Data for processing
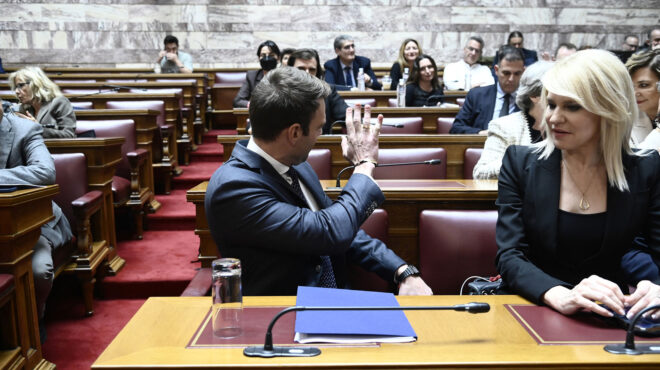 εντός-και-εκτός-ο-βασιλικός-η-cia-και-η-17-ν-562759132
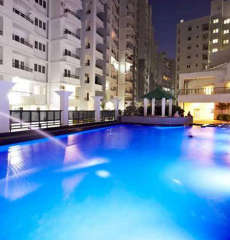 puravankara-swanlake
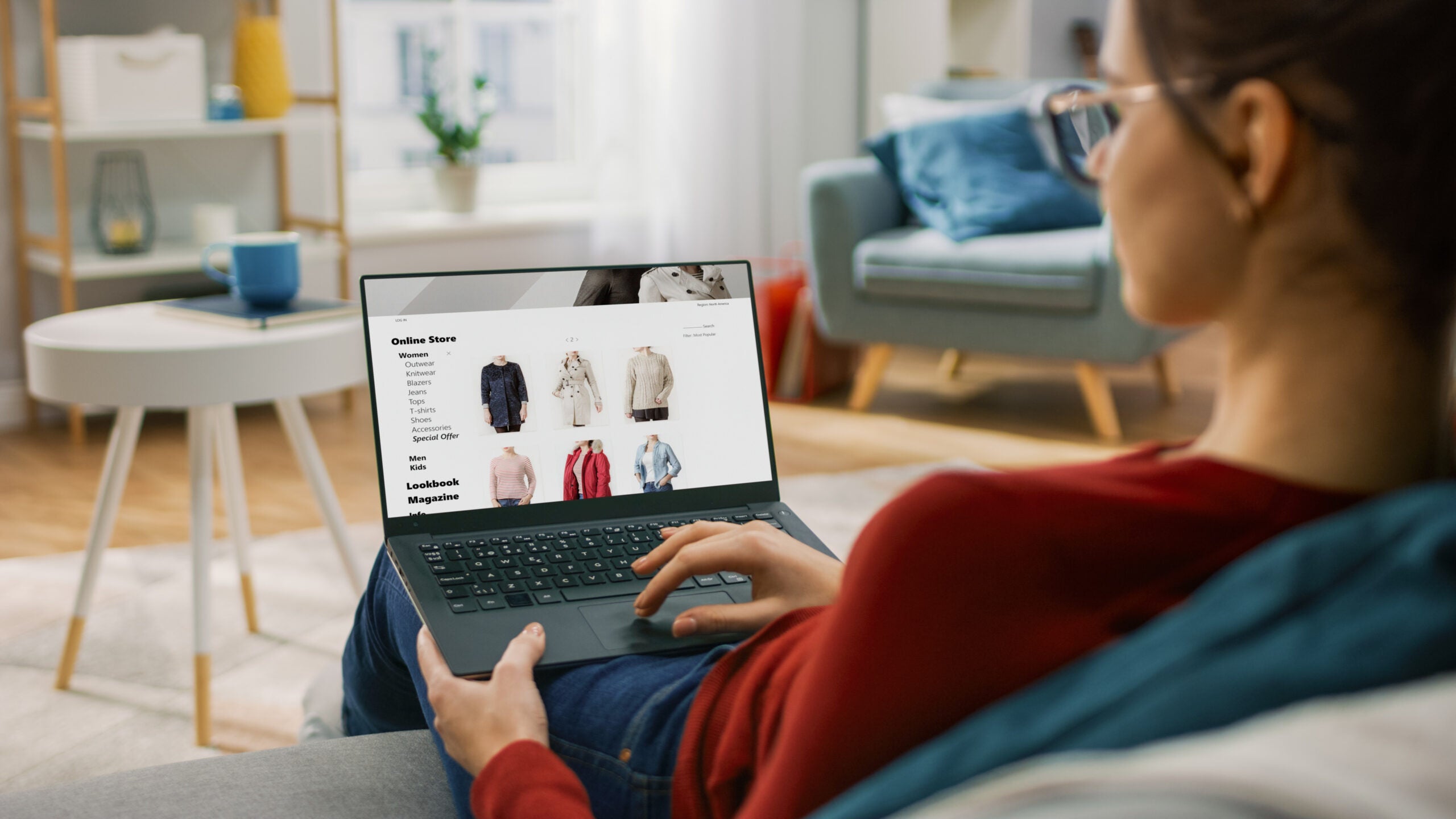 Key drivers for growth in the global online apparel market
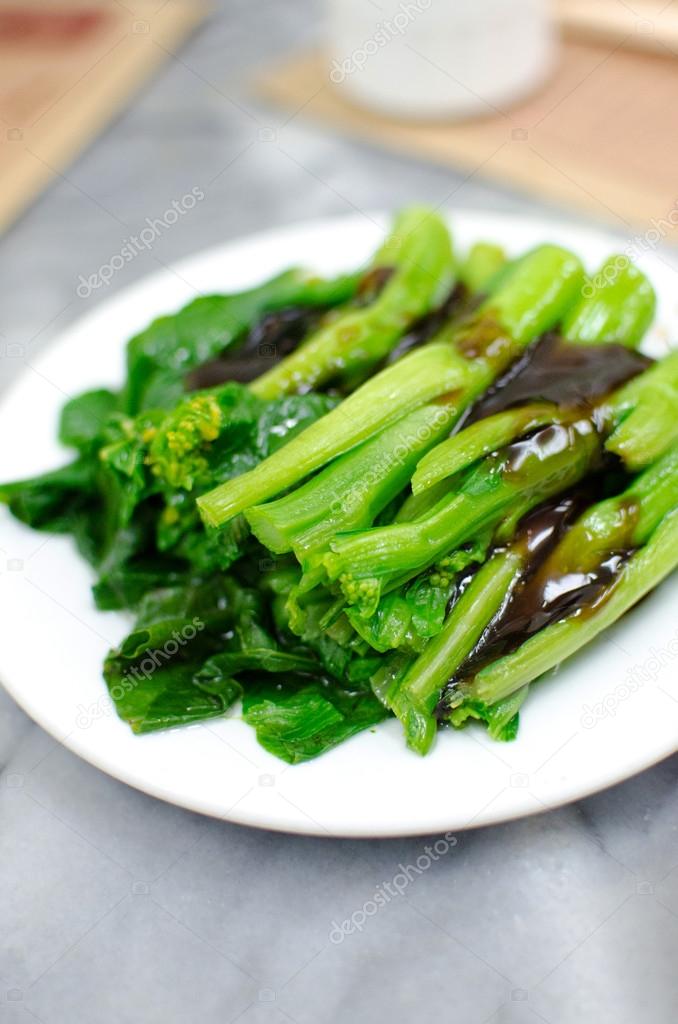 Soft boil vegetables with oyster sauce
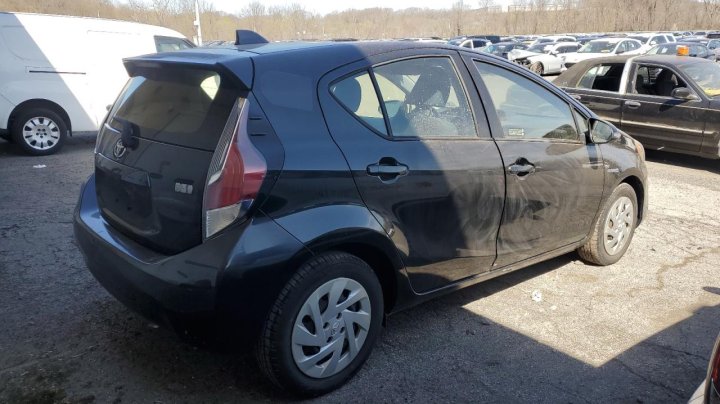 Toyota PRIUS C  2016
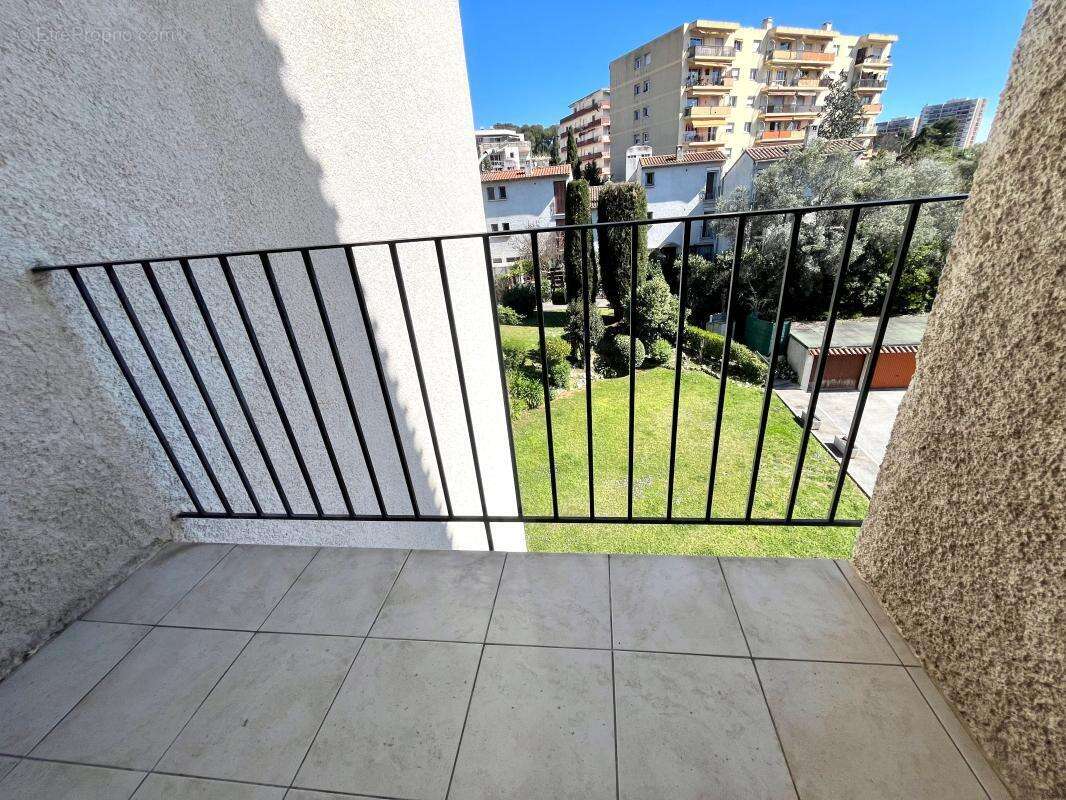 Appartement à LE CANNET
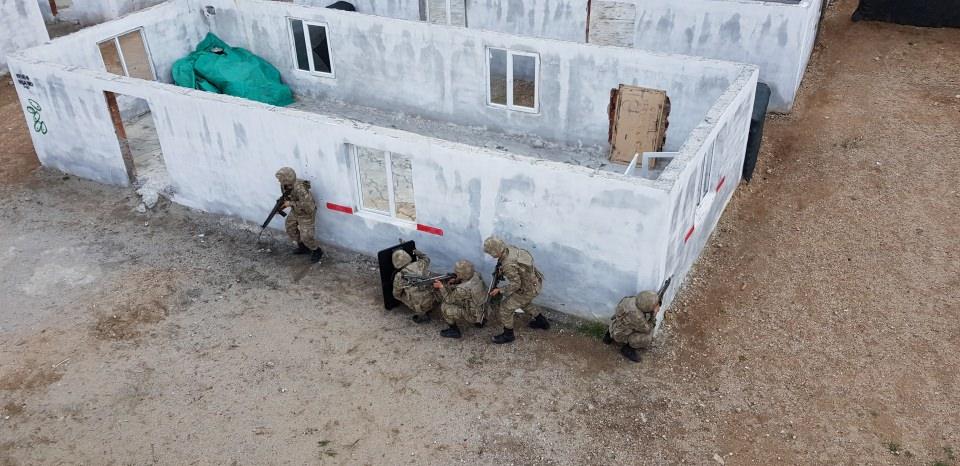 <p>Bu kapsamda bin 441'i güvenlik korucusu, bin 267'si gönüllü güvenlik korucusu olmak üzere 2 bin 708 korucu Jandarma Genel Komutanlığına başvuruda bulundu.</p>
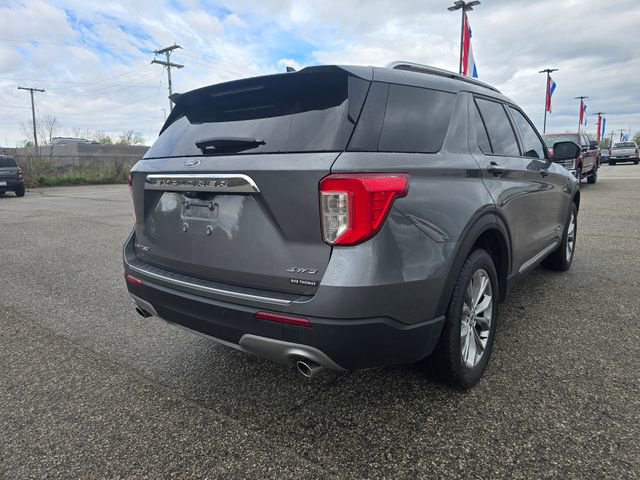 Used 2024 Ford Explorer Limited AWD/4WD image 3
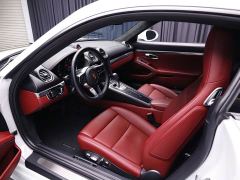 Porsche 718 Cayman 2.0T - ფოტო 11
* * *
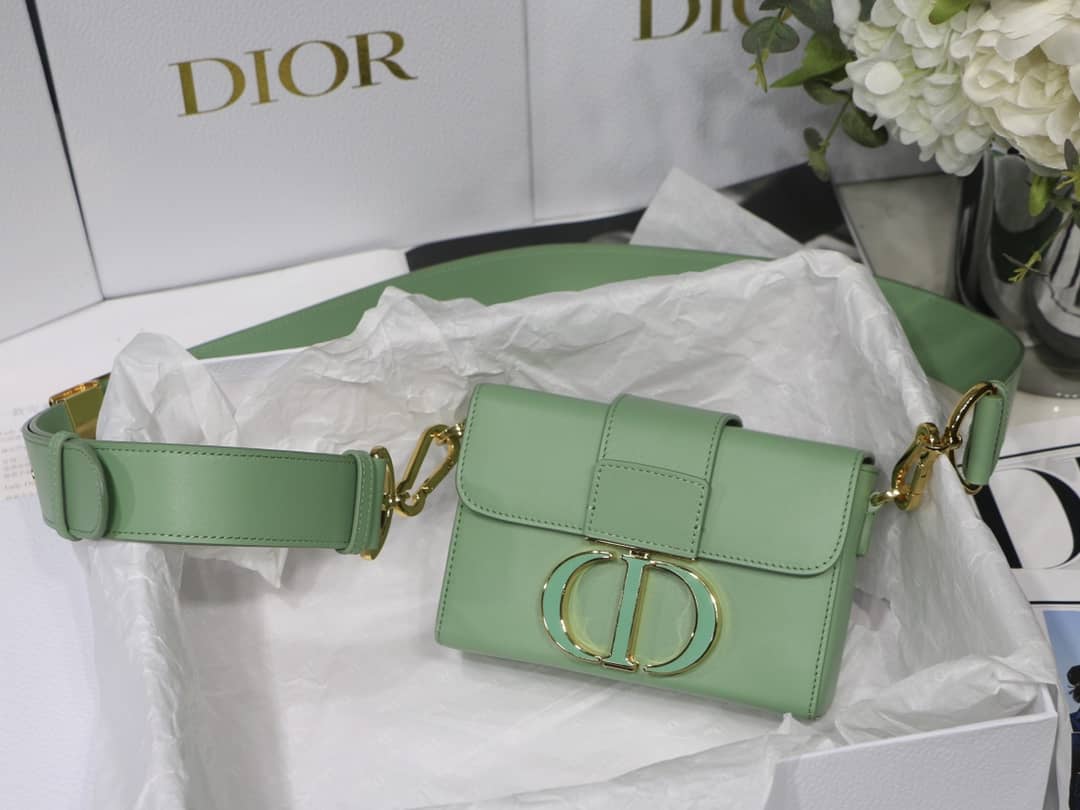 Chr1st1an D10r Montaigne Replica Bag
--
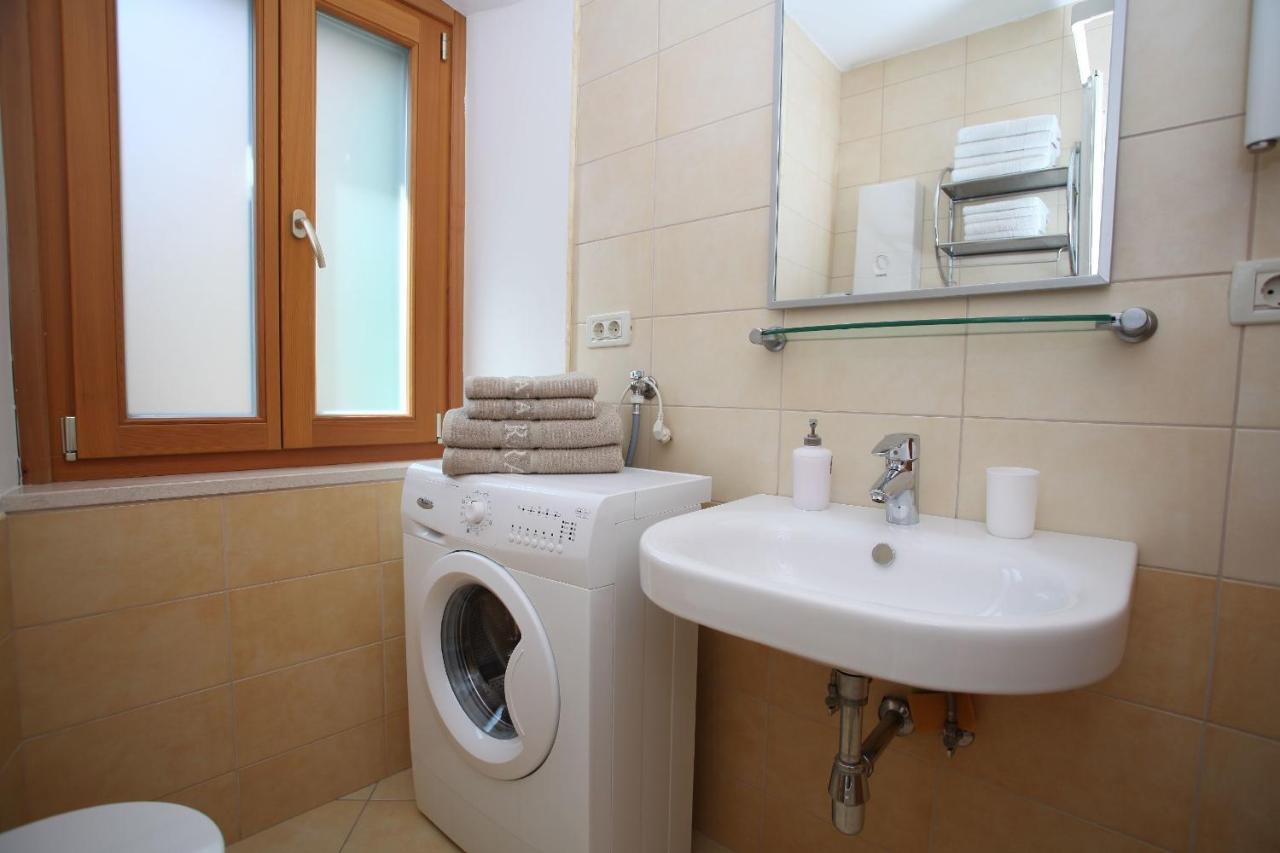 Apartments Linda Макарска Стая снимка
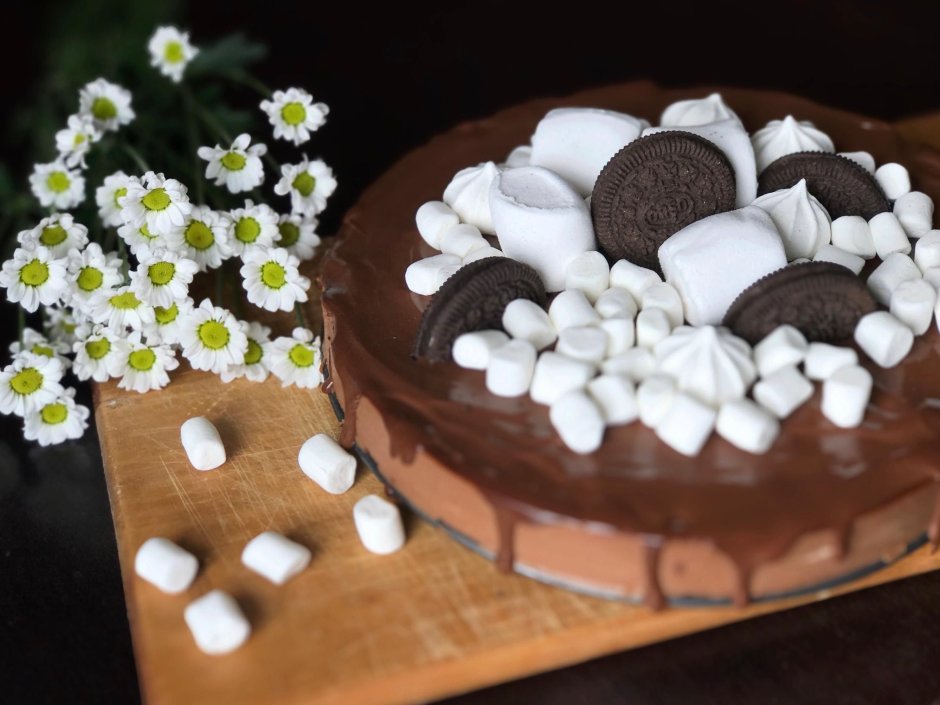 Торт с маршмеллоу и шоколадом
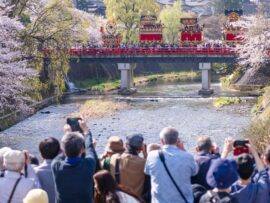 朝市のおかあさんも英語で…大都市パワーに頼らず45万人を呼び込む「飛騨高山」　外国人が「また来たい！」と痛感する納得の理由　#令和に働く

Task statement
The answer is the lines of the material above, from the one containing "Apartments Linda Макарска Стая снимка" down to the one containing "朝市のおかあさんも英語で…大", given exactly and without images.

Exercise solution
 Apartments Linda Макарска Стая снимка
 Торт с маршмеллоу и шоколадом
 朝市のおかあさんも英語で…大都市パワーに頼らず45万人を呼び込む「飛騨高山」　外国人が「また来たい！」と痛感する納得の理由　#令和に働く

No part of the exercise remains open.